Recently, the Jan Menze van Diepen Foundation was able to purchase a beautiful dish from the famous Pronk dinner service of the Fraeylemaborg. This plate was offered at an auction in Bruges by a Frisian collector. Because of this acquisition, for the first time a part of the precious service can be shown in the Fraeylemaborg.
Until 1971 there was a unique Pronk service in the Fraeylemaborg, but in that year it was sold at Mak van Waay in Amsterdam. This extensive dinner service came from China, but was decorated with a representation by the Dutch artist Cornelis Pronk (1691-1759).
Pronk was commissioned by the Verenigde Oostindische Compagnie to make a design that was suitable for various types of tableware. He made a number of drawings in which he combined all kinds of oriental elements. Porcelain with these representations is also called “Pronk porcelain”. A striking element on one of his most beautiful drawings are elegant ladies holding a parasol. Porcelain with “The Parasol Ladies” has become a household name.

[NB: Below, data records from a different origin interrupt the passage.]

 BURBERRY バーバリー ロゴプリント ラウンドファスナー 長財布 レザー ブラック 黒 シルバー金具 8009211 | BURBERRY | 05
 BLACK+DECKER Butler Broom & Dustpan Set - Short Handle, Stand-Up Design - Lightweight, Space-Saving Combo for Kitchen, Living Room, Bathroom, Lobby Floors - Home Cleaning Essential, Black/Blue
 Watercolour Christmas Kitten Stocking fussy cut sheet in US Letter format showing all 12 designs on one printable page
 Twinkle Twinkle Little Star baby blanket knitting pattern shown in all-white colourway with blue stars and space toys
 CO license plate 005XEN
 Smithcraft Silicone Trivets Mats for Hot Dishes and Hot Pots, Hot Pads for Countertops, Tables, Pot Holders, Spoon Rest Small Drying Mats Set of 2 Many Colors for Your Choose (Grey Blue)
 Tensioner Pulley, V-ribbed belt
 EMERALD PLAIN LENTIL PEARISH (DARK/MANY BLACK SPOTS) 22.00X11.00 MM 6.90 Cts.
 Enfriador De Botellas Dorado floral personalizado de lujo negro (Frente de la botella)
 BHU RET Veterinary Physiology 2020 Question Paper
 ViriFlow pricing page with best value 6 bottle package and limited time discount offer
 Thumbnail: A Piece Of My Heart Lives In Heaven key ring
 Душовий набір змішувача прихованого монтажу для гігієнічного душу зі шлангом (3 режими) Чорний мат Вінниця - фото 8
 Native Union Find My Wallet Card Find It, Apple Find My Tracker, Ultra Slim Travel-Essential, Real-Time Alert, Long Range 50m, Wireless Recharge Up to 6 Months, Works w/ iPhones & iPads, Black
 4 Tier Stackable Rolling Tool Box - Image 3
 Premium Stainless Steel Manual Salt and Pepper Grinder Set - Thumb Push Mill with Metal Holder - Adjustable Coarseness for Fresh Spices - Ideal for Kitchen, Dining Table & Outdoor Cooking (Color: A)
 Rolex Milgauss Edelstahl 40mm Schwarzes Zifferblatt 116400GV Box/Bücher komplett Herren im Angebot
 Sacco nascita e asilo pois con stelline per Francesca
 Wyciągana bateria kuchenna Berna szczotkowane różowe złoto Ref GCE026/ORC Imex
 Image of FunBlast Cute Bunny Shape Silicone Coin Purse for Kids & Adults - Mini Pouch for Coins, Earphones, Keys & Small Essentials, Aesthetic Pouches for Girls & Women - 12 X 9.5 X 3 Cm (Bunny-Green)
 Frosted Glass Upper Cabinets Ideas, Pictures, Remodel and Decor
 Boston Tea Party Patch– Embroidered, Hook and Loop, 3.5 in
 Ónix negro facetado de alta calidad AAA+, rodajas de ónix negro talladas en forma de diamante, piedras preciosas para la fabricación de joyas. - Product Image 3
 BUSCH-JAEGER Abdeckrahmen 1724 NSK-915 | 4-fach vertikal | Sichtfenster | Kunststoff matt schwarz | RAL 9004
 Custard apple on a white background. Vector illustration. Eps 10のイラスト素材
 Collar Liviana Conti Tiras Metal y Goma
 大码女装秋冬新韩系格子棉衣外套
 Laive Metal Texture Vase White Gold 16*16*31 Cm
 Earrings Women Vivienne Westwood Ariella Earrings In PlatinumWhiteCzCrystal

The drawings of Cornelis Pronk were sent via Batavia to China in 1735 and applied there on porcelain. This was a great success, but the cost of manufacture was so high that too little was earned. Production therefore stopped after only a few years. Pronk porcelain has therefore become rare and this is certainly true for complete tableware. The design drawing for the Parasol ladies is now in the Rijksmuseum collection.
The recently purchased dish is also exceptional because the central representation of the Paraol ladies is placed in a rectangular field, while on almost all known Pronk signs it is a round field.
The Pronk crockery used to be placed on the table at the Fraeylemaborg in its heyday. For example at a wedding party or the reception of a high guest. Of course it was of great importance that this precious dinnerware was handled with care. According to tradition the servants and the cooks all received 25 guilders if nothing broke during such a dinner!